--- Data segment ---

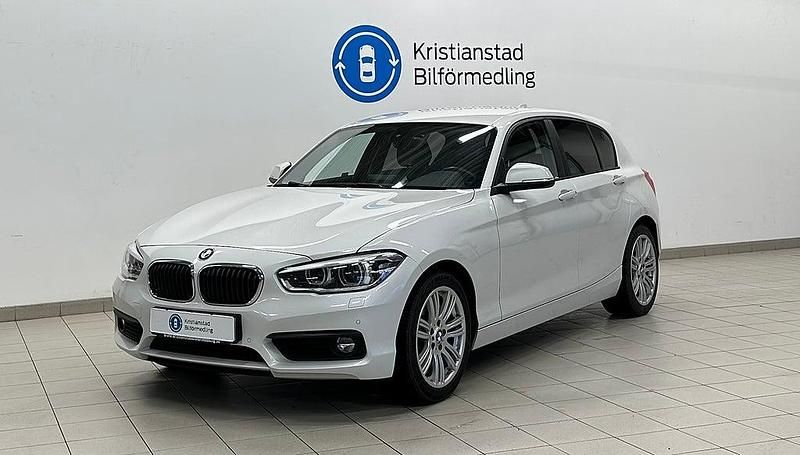 Begagnad BMW 118 Advantage 136 HK (100 kW) 2017 Vit Halvkombi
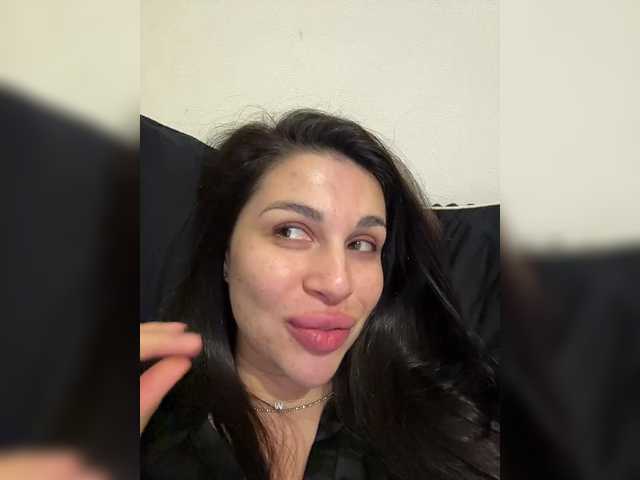 Capturas de tela de transmissão Helgapotakki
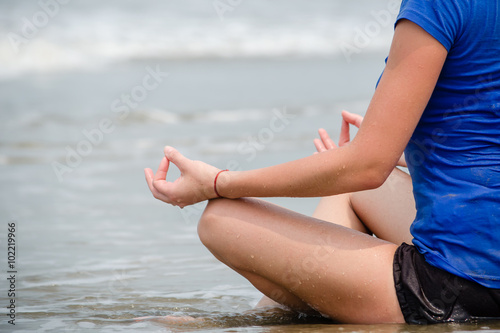 Девушка в позе йоги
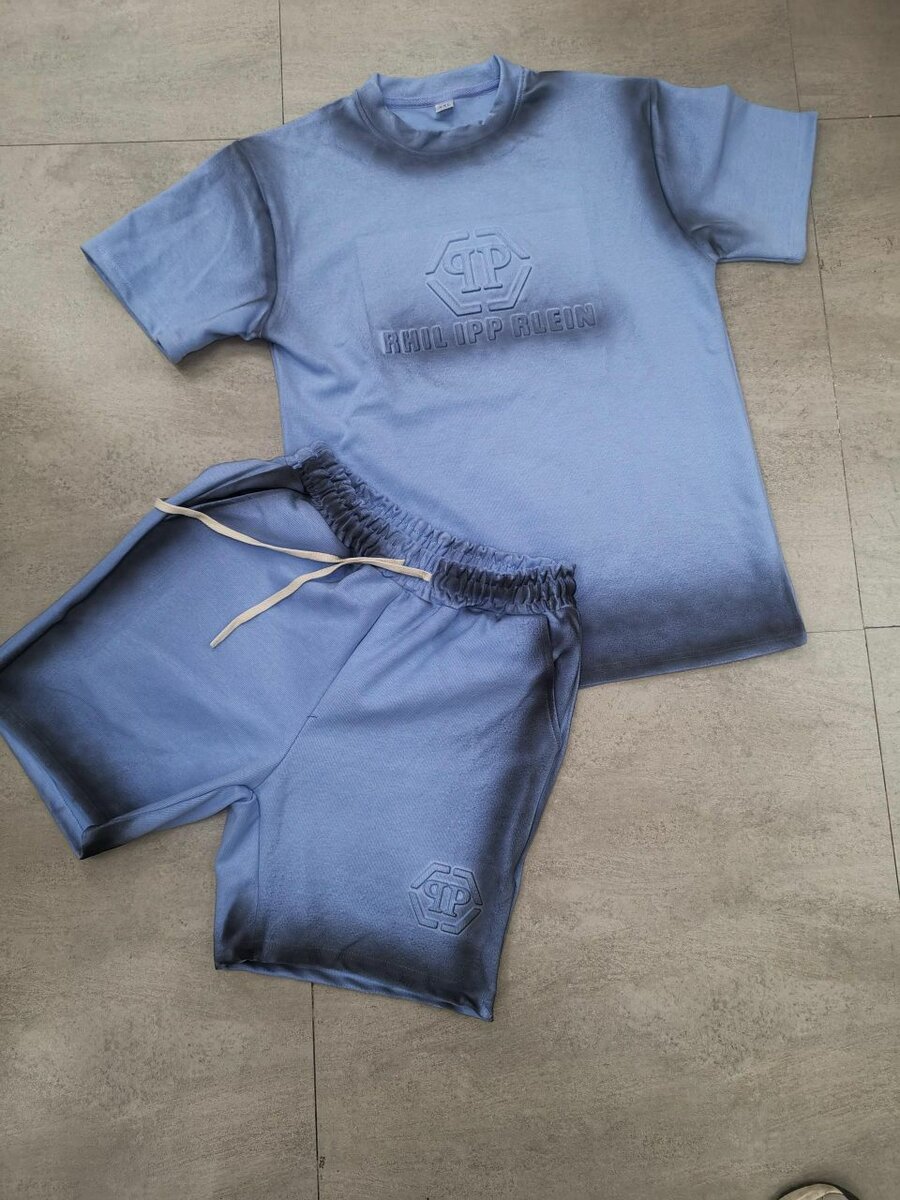 T-shirt and down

--- How to complete this task ---
Any images must be dropped; all other material is to be printed exactly.

--- Result of the exercise ---
 Begagnad BMW 118 Advantage 136 HK (100 kW) 2017 Vit Halvkombi
 Capturas de tela de transmissão Helgapotakki
 Девушка в позе йоги
 T-shirt and down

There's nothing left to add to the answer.